The dual-socket NUMA layout

A modern server has two CPU sockets, each with its own cores, its own memory controller (MC), its own DRAM, and its own PCI-e lanes to a NIC. The two sockets talk over an interconnect (QPI). Crossing that link is expensive.

The key structure: L1 and L2 are per-core, L3 is shared across all cores on a socket, and DRAM hangs off each socket’s own memory controller. A NIC is physically wired to one socket’s PCI-e lanes — not both.

Latency by level

Each step down the hierarchy costs roughly an order of magnitude more. The numbers below are the working figures for a typical Xeon-class server.

Level	Latency	Notes
Registers/Buffers	< 1ns
L1 Cache	~4 cycles, ~1ns	Per-core
L2 Cache	~12 cycles, ~3ns	Per-core
L3 Cache	~40 cycles, ~12ns	Shared per socket
L3 (dirty hit)	~75 cycles, ~25ns	Cross-core within socket
DRAM (local)	~70ns	Local to socket’s memory controller
QPI (cross-socket)	> 40ns additional	Penalty for accessing remote socket’s memory

The headline: L1 is ~1ns, DRAM is ~70ns. That is a 40x gap, and it sits squarely on your hot path.

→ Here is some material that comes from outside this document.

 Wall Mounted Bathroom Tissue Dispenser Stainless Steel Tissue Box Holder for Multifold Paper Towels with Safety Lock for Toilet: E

Why this matters for Aeron

Three placement decisions move latency the most. Each maps cleanly to a tuning knob.

• L3 cache residency is the sweet spot. 12ns versus 70ns+ for DRAM. If your term buffer fits in L3, you avoid DRAM latency on every message — cutting both p50 and, more importantly, p99 variance from misses.
• NUMA locality. Accessing memory on the remote socket adds 40ns+ per access via QPI. If your NIC is on Socket 0 but Aeron runs on Socket 1, every packet crosses QPI twice. That penalty lands directly on the tail.
• PCI-e to NIC. The NIC is physically attached to one socket. Run Aeron’s media driver on cores local to that socket and you eliminate cross-socket PCI-e traversal entirely.

Key Insight

The 40x gap between L1 (1ns) and DRAM (70ns) explains why mechanical sympathy matters so much. A single cache miss on the hot path can cost more than the entire network transit time within the same AZ. This is why Aeron’s design obsesses over cache-friendly data structures and NUMA-aware thread placement.

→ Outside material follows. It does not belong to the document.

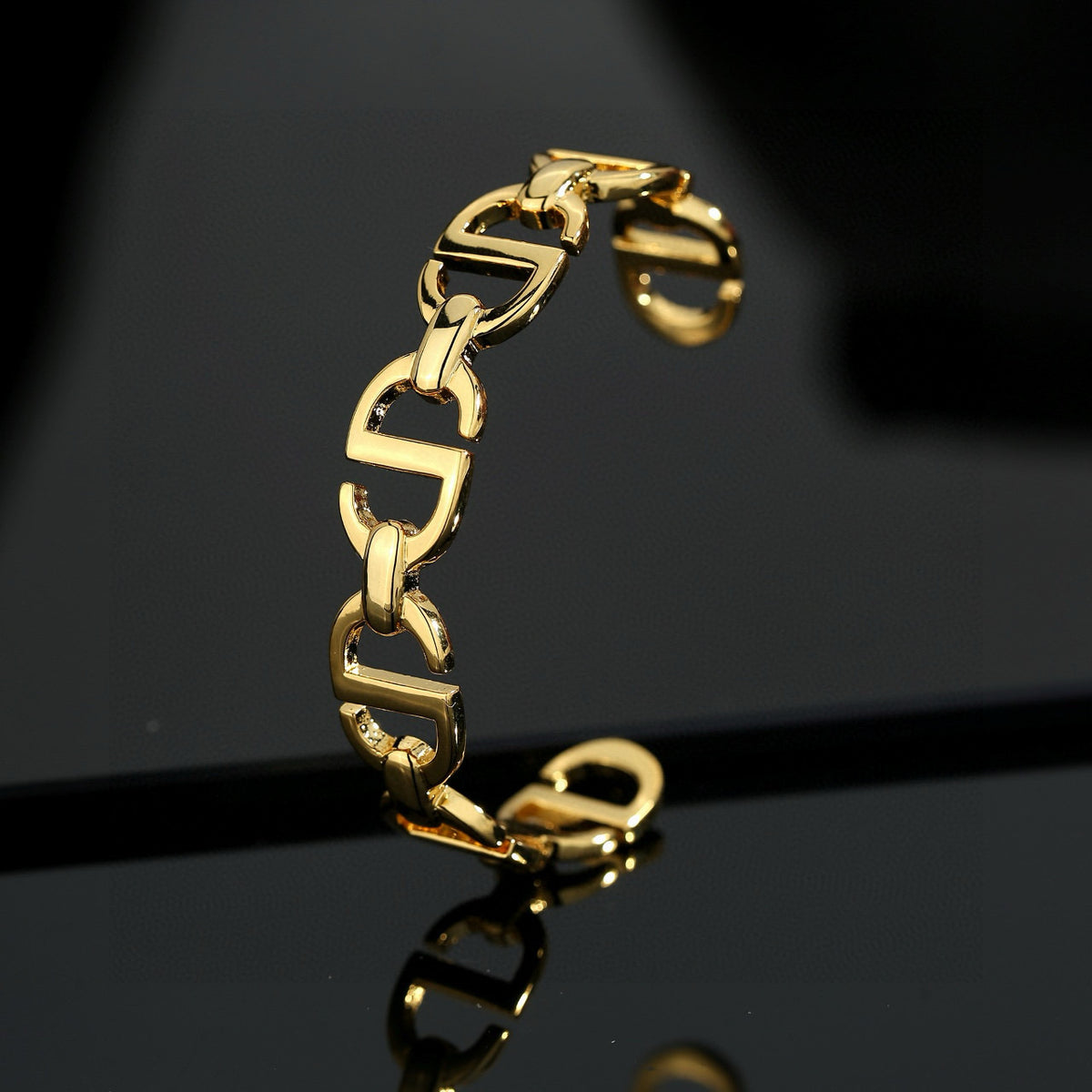 Graphic Letter Motif Statement Bracelet in Silver-Tone – Design 003 side detail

How this maps to tuning knobs

Two parameters in the reference come straight out of the hierarchy above:

• NUMA locality (CPU near the NIC) — pin IRQs, driver threads, and app threads to cores on the NIC’s NUMA node. This removes the QPI penalty and stabilizes p99.
• Term buffer fits in L3 — size the active term footprint to stay within effective L3. A resident working set turns DRAM-rate misses into cache-rate hits, lowering p50 and tightening the tail.

Rule of thumb

p99 is about variance. Cache misses and cross-socket QPI hops are the two biggest sources of variance on the hot path — so NUMA placement and L3 residency are among the strongest tail-latency levers you have.

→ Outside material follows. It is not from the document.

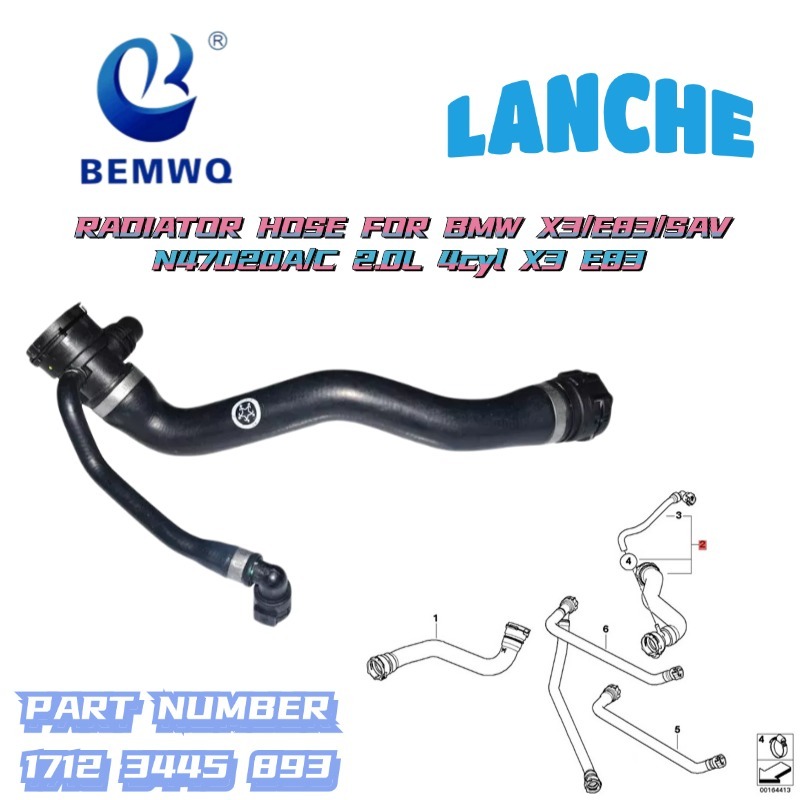 Bemhq ท่อวิทยุสําหรับ BMW X3/E83/SAV N47D20A/C 2.0L 4cyl X3 E83 17123445893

CPU architecture supplement: AMD CCD vs Intel die vs Graviton

Everything above assumes the classic Xeon picture: one socket = one big shared L3. That assumption quietly breaks on AMD EPYC — and since EPYC, Intel Xeon, and AWS Graviton power different EC2 families, “pin to the NUMA node” means something different on each. This section maps the three topologies so the pinning advice above lands on the right cores.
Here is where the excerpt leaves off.